Margaret Mead: uma antropóloga à frente do seu tempo e fundamental para os estudos de gênero atuais.

Por Vitor Paiva

A importância do trabalho da antropóloga estadunidense Margaret Mead hoje se revela determinante sobre os mais importantes debates atuais, bem como as próprias bases de pensamento sobre temas como gênero, cultura, sexualidade, desigualdade e preconceito. Nascida em 1901 e tendo ingressado no Departamento de Antropologia da Universidade de Columbia e lecionado em diversas universidades dos EUA, Mead se tornou a mais importante antropóloga de seu país e uma das mais importantes do século XX por diversas contribuições, mas principalmente ao demonstrar que as diferenças de comportamento e trajetória entre homens e mulheres, bem como entre diferentes gêneros em diferentes povos, se dava não por elementos biológicos ou inatos, mas sim pela influência e o aprendizado sociocultural.

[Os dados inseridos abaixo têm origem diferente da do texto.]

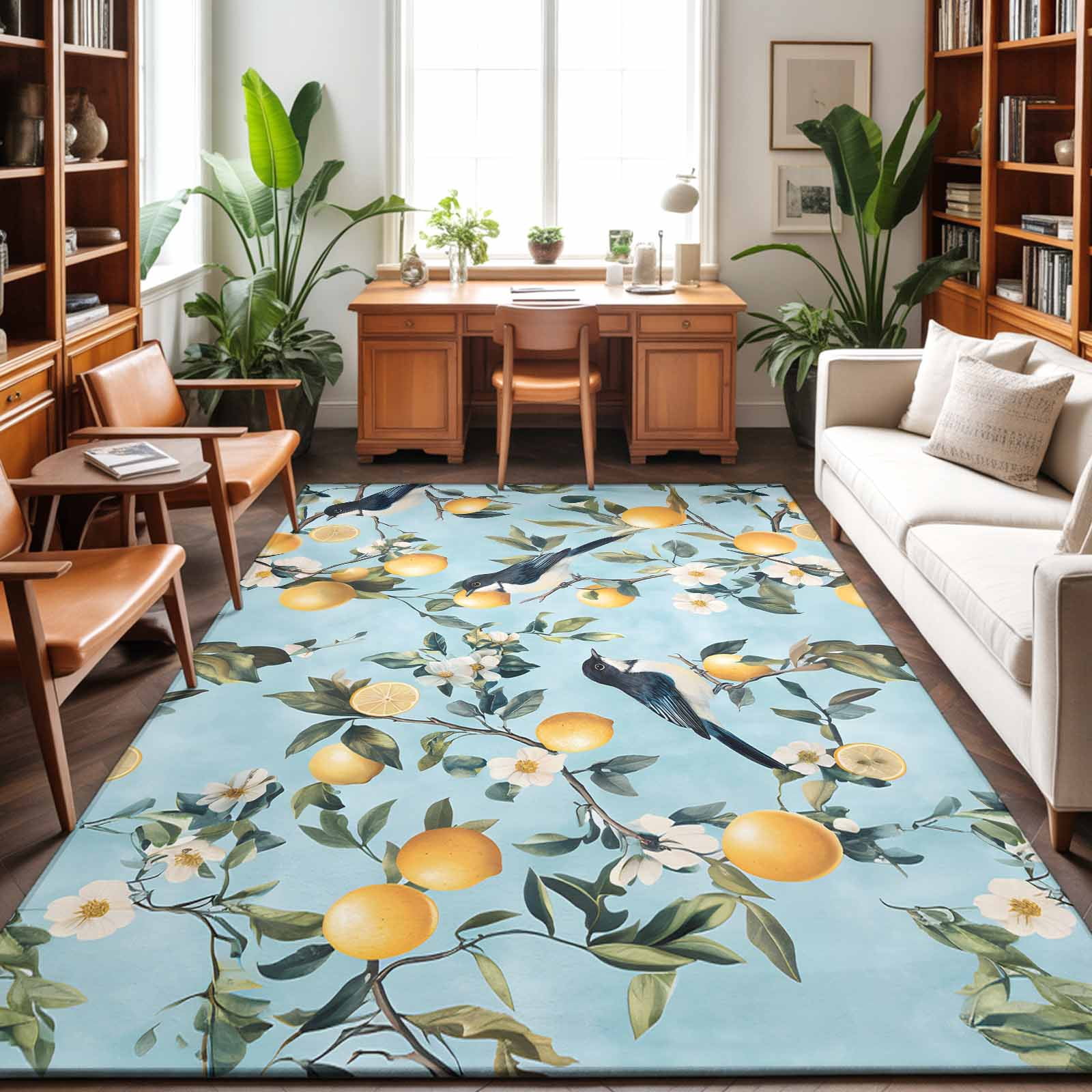 Area Rugs 2.7'x5', Lemon Bird Carpet Runner Indoor Outdoor Rugs Home ...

Não é por acaso, portanto, que o trabalho de Mead é considerado uma das pedras fundamentais para o movimento feminista e de libertação sexual modernos. Após realizar estudo sobre as diferenças entre os dilemas e comportamentos de adolescentes de Samoa em meados dos anos 1920, especialmente comparados aos jovens dos EUA de então – publicado em 1928, o livro Adolescência, Sexo e Cultura em Samoa, já mostrava a influência sociocultural como elemento determinante do comportamento de tal grupo –, foi com a pesquisa realizada entre homens e mulheres de três diferentes tribos de Papua-Nova Guiné que a antropóloga realizaria um de seus mais influentes trabalhos.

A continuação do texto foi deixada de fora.